In [3]:
!pip install pymongo



In [4]:
from pymongo import MongoClient
import datetime

In [5]:
client = MongoClient()

The above code will connect on the default host and port. We can also specify the host and port explicitly, as follows:

In [6]:
client = MongoClient(host="localhost", port=27017)
# OR
client = MongoClient("mongodb://localhost:27017")

client

MongoClient(host=['localhost:27017'], document_class=dict, tz_aware=False, connect=True)

**Getting a Database**
Once you have a connected instance of MongoClient, 
you can access any database managed by the specified MongoDB server. 
To define which database you want to use, you can use the dot notation:

In [7]:
db = client.test_database
# OR 
db = client["test_database"]
#This statement is handy when the name of your database isn’t a valid Python identifier.

db

Database(MongoClient(host=['localhost:27017'], document_class=dict, tz_aware=False, connect=True), 'test_database')

In this case, **newCollection** is an instance of **Collection** and represents a physical collection of documents in your database. You can insert documents into tutorial by calling `.insert_one()` on it with a document as an argument:

In [8]:
collection = db.test_collection
#OR
collection = db['test_collection']
#This statement is handy when the name of your collection isn’t a valid Python identifier.

collection

Collection(Database(MongoClient(host=['localhost:27017'], document_class=dict, tz_aware=False, connect=True), 'test_database'), 'test_collection')

**Sample Document**
Following example shows the document structure of a blog site, which is simply a comma separated key value pair.

In [9]:
post = {"author": "Mike",
        "text": "My first blog post!",
        "tags": ["mongodb", "python", "pymongo"],
        "date": datetime.datetime.utcnow()}

In [10]:
posts = db.posts
post_id = posts.insert_one(post).inserted_id
post_id

ObjectId('628e77c09598a2b042476679')

In [11]:
import pprint
pprint.pprint(posts.find_one())

{'_id': ObjectId('628de76d9c628e0a3f69ff33'),
 'author': 'Mike',
 'date': datetime.datetime(2022, 5, 25, 8, 16, 48, 627000),
 'tags': ['mongodb', 'python', 'pymongo'],
 'text': 'My first blog post!'}


In [12]:
pprint.pprint(posts.find_one({"author": "Mike"}))

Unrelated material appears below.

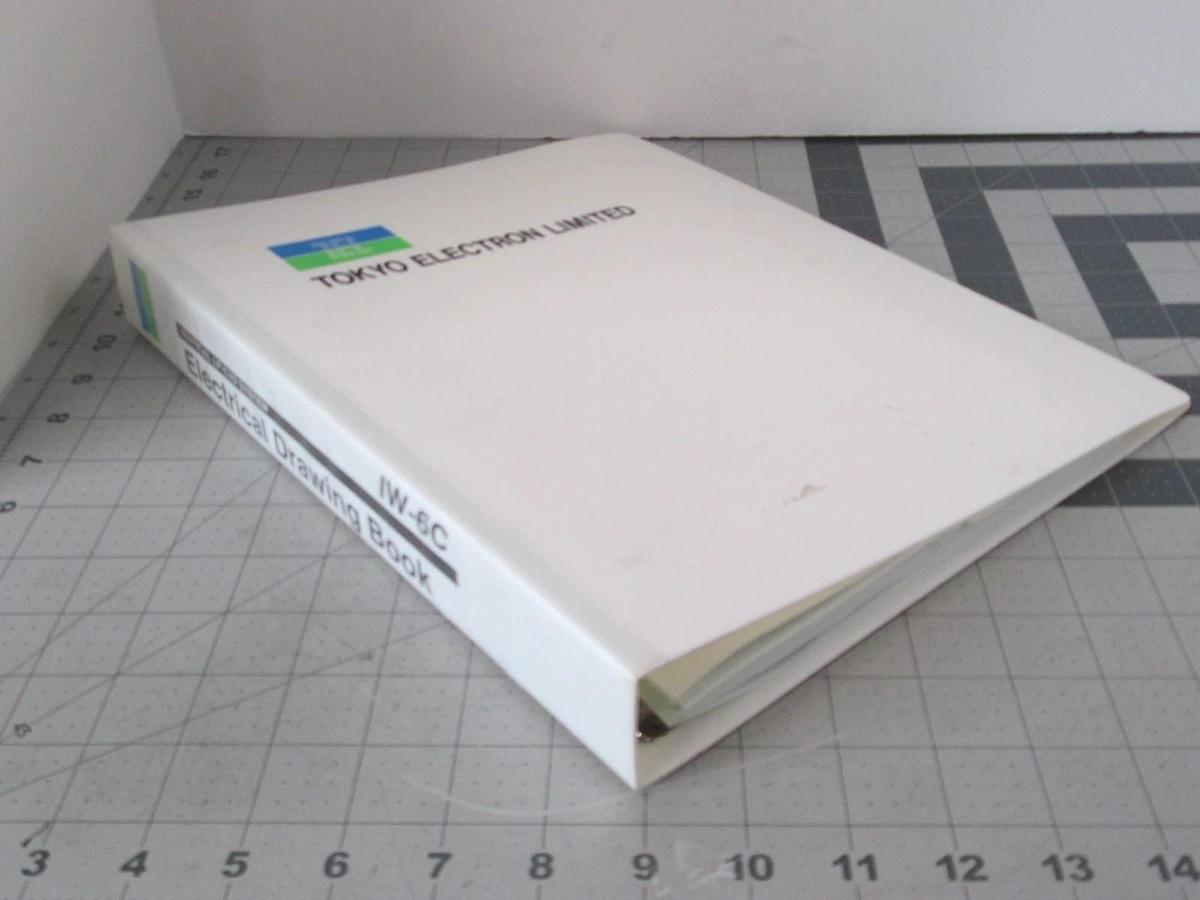 Used TEL Tokyo, IW-6C, Electrical Drawing Book, TEOS, Used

{'_id': ObjectId('628de76d9c628e0a3f69ff33'),
 'author': 'Mike',
 'date': datetime.datetime(2022, 5, 25, 8, 16, 48, 627000),
 'tags': ['mongodb', 'python', 'pymongo'],
 'text': 'My first blog post!'}


In [13]:
posts.find_one({"author": "Eliot"})

In [15]:
pprint.pprint(posts.find_one({"_id": post_id}))

{'_id': ObjectId('628e77c09598a2b042476679'),
 'author': 'Mike',
 'date': datetime.datetime(2022, 5, 25, 18, 38, 56, 601000),
 'tags': ['mongodb', 'python', 'pymongo'],
 'text': 'My first blog post!'}


In [16]:
post_id_as_str = str(post_id)
posts.find_one({"_id": post_id_as_str}) # No result

## Inserting many Documents
`insert_many()` This method is used to insert multiple entries in a collection or the database in MongoDB. The parameter of this method is a list that contains dictionaries of the data that we want to insert in the collection.


In [18]:
post_2 = {"author": "Leo",
        "text": "Fasting 14-10",
        "tags": ["python", "pymongo", "django"],
        "date": datetime.datetime.utcnow()}

post_3 = {"author": "Jack",
        "text": "Fastest Car",
        "tags": ["mongodb", "python", "pyspark"],
        "date": datetime.datetime.utcnow()}

In [19]:
new_result = collection.insert_many([item2, item3])

print(f"Multiple items: {new_result.inserted_ids}")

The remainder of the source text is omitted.